Loves the phone – picks it up and listens to the beep beep beep and smiles Think he’s going to love talking on it. Had a video chat with Uncle Per in Denmark yesterday and he watched intently the interaction, but I’m sure he thought it was TV, which he is familiar with from the orphanage.

Enormously coordinated with his feet and toes. I watched him while he was to be falling asleep for his nap – find his shoes with his feet and lift them to his hands to be played with. (Shoes between feet lift and down. Repeat. Do you suppose the nannies taught him this?) It’s not only his feet that are skilled - he’s got great abdominals as well. He also used his toes to hold onto things – like crayons in each set of toes while skating across the floor.

Doesn’t believe bookmarkers have a place in books – goes along with his neat nature. Loves to clean up.

Learned to spit! Toothpaste and excess water associated with this enterprise!

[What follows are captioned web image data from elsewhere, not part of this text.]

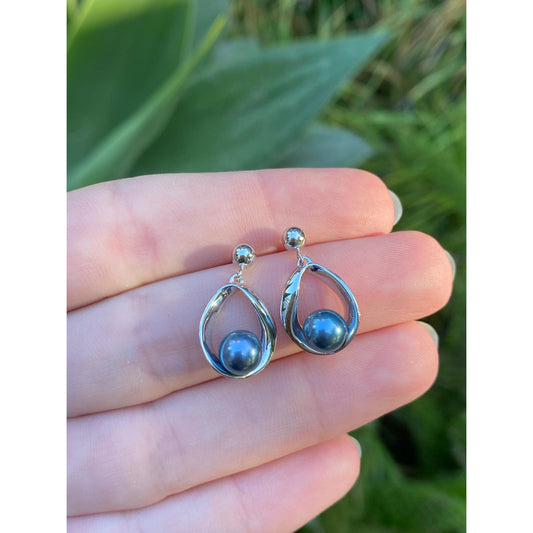 Vintage Solid 14k White Gold Peacock Pearl Dangle Earrings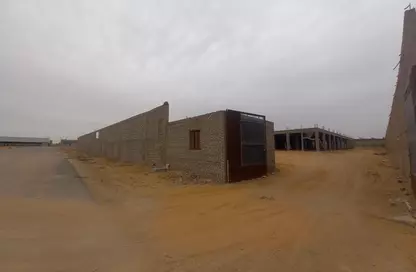مصنع - استوديو - 7 حمامات للبيع في طريق الاسمايلية الصحراوي - طريق فايد - المنطقة الصناعية - مدينة العاشر من رمضان - الشرقية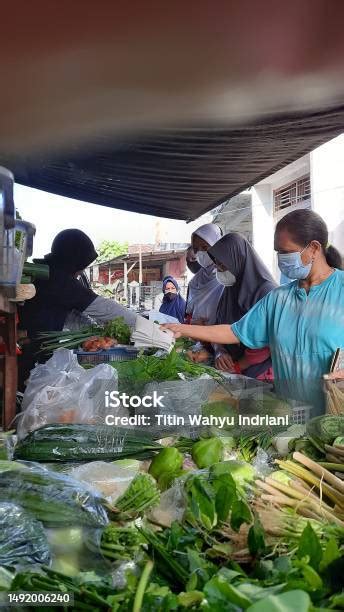 Pelanggan Memilih Sayuran Di Pasar Tradisional Transaksi Antara Penjual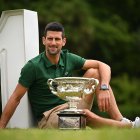 Novak Djokovic posa en la foto oficial con el trofeo del Abierto de Australia que se tomó este miércoles 1 de febrero, junto al # 1 mundial que recuperó.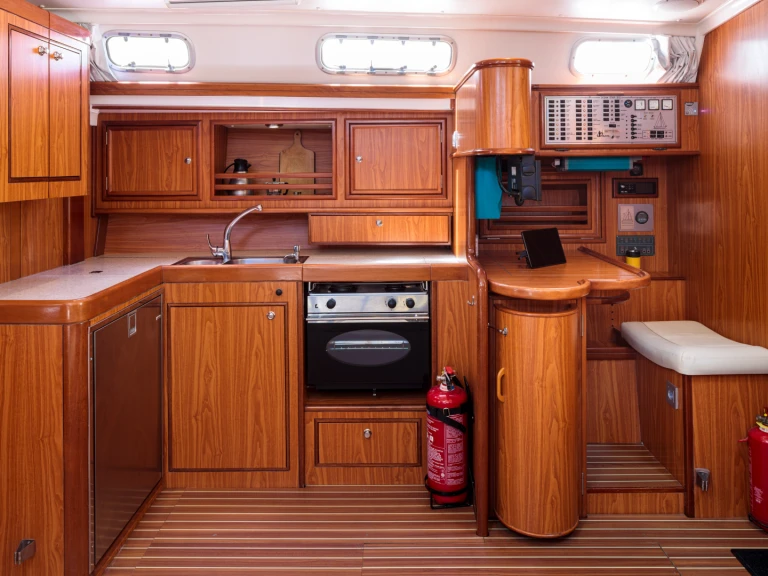 Jachthuur in Limáni Lavríou - Ocean Yachts Ocean Star 51.2 via SamBoat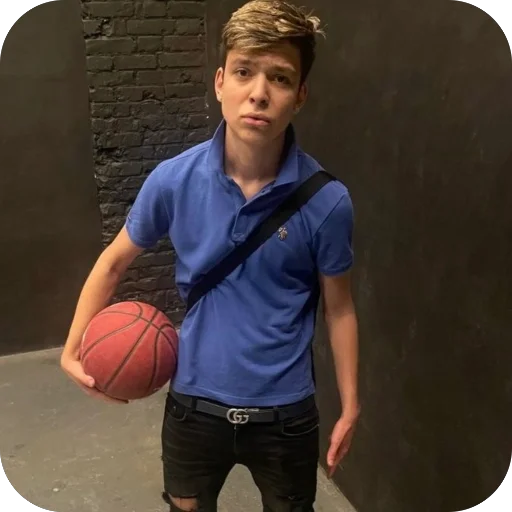 🏀 Стикер «Young Plato» для Telegram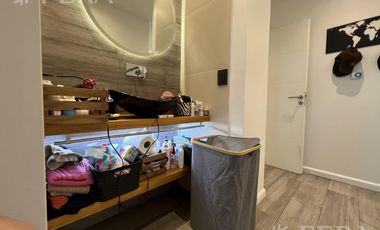 Venta casa 5 ambientes con cochera y piscina en Wilde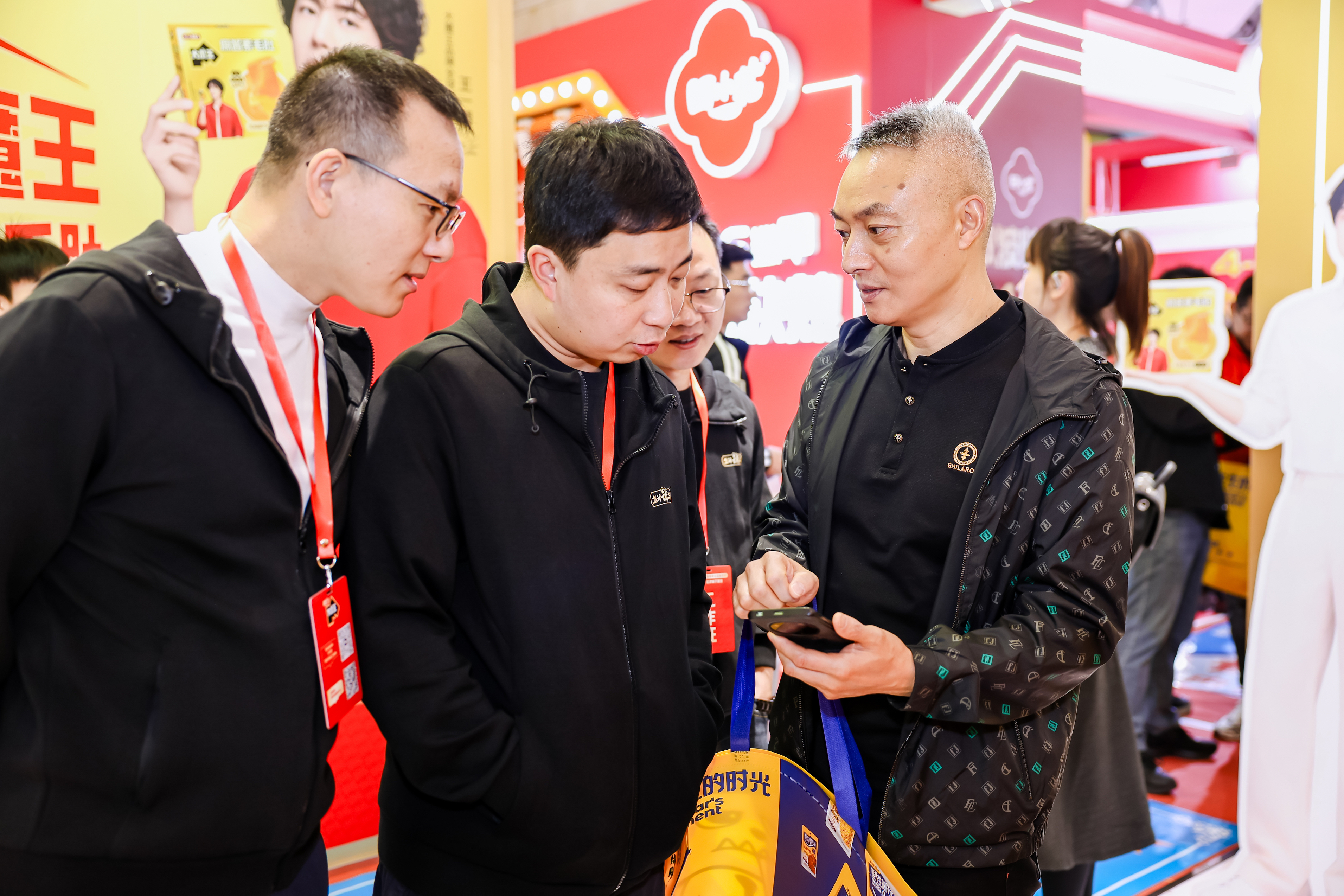 閃耀春糖！鹽津鋪子大魔王新品亮相，實力詮釋美味新標準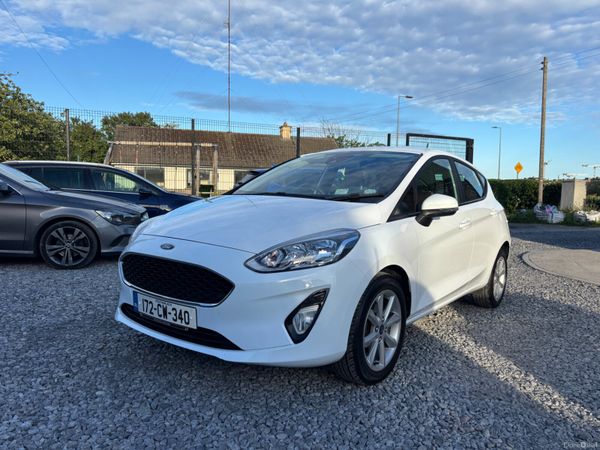 Ford Fiesta Hatchback, Petrol, 2017, White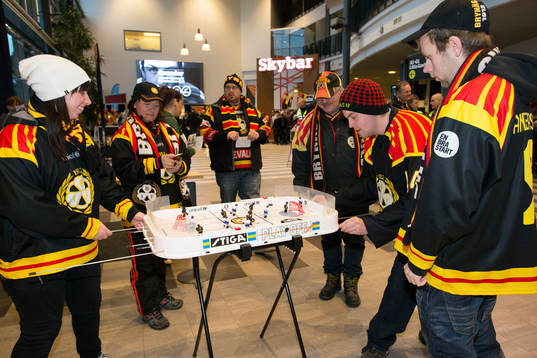 Brynässupportrar spelar ishockeyspel i entrén
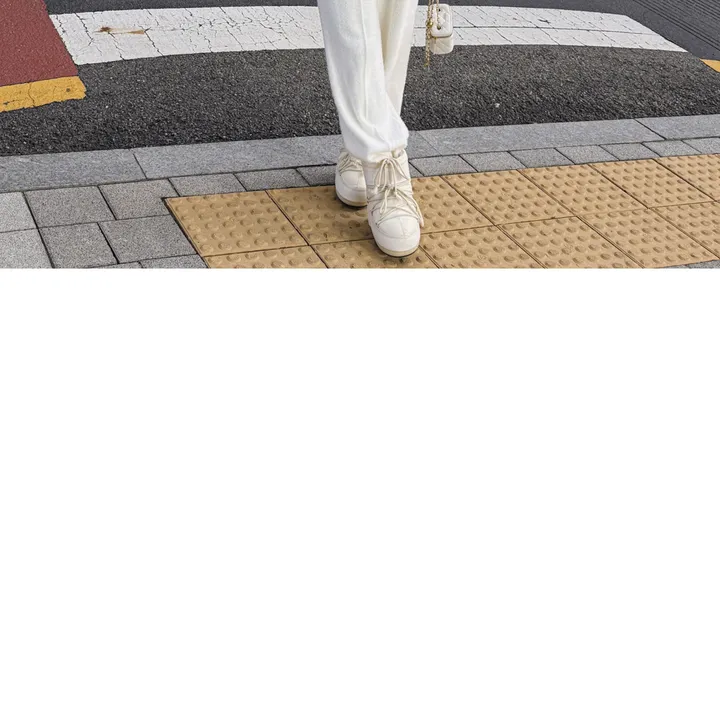 [무광레더/매트질감/어깡❌/고퀄/5col] 노라트 하이넥 카라넥 스냅버튼 지퍼 웰론 페이크레더 매트 무광 레더 크롭 패딩 상세 이미지 37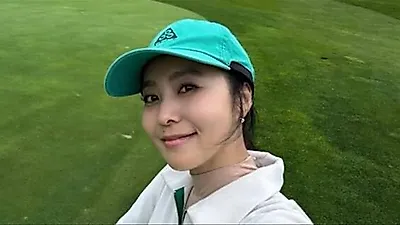 Park Ji-yoon Enjoys Golfing on Jeju Island Following Divorce from Choi Dong-seok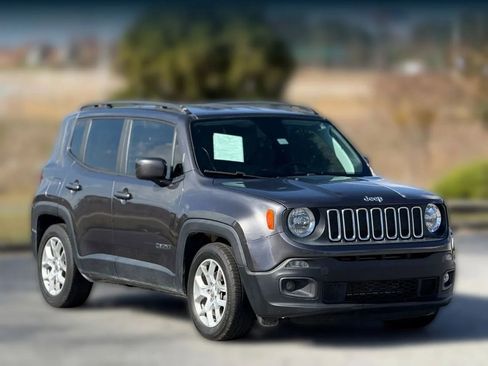 Used 2018 Jeep Renegade Latitude image 1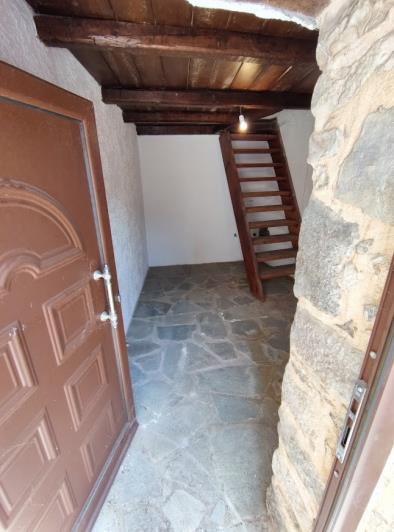 Image No.10-2 Bed House for sale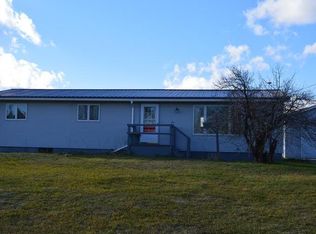 9240 S Eberhart Ave, Clare, MI 48617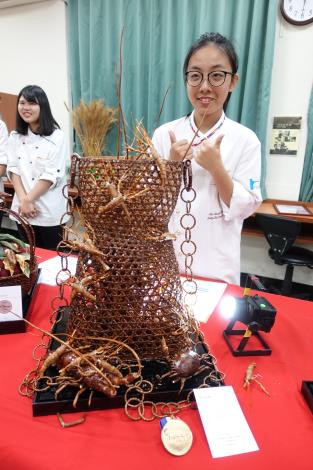 金牌_180504161805.jpg
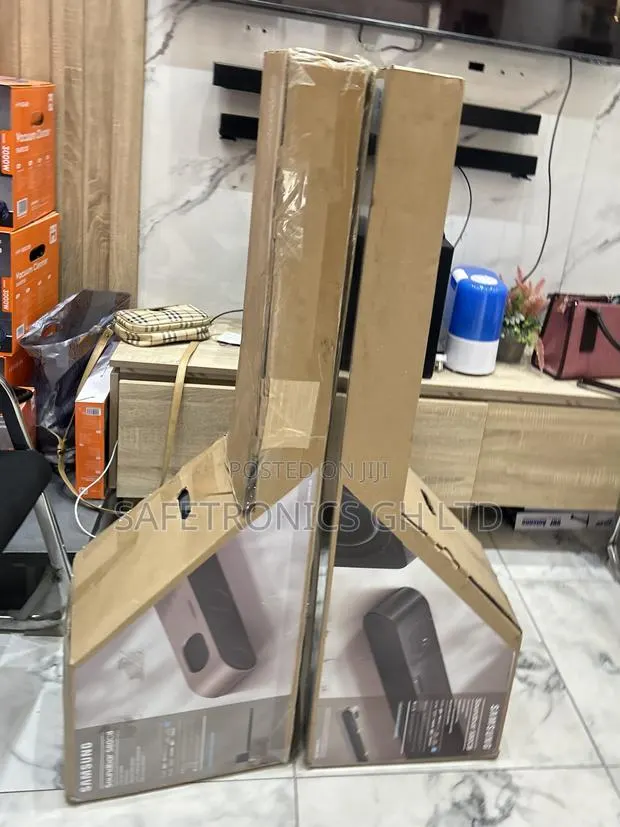 Authentic Samsung Black Electric S80cb 3.1.2ch Soundbar · Photo 1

Speaking of knowing you aren’t in Kansas – we awoke the first morning to the soft music via loud speakers set up in the streets. This went on for about an hour followed by what we can only guess to be rise and shine communist messages in loud Vietnamese for about a half hour. Saturday morning! There is much more of a police presence here than in Saigon with the local gendarmes station about 15 seconds away. The green clad police hang in the street and glancing into the station brings to mind the Hollywood image of that American dude who got caught with drugs in the airport of I think Turkey and ended up in prison. The shirttail hanging half way out, cigarette dangling, one eye partly closed against the smoke while ogling the activity.
Leslie

2 comments:

Kelly said...

Cracked me up about Kino changing his clothes! Must be he didn't teach Caleb any of his fashion sense. This kid picks out the funniest stuff to wear. ALWAYS has on someone elses socks - and not a matching pair.

Love your descriptions - takes me back.

Ruth aka Felman said...

Love the photos! You'll have to get Kino some chalk when you get home and let him go to town drawing on the sidewalk! (or the many stairs). Your description and photos bring back many memory's of my first trip to town when we lived in Africa..and the meat hanging..raw..totaly black w/flies and they were selling it that way :(!! Great Kino is smiling and know's his colors!
Keep up the good work mommy and daddy!!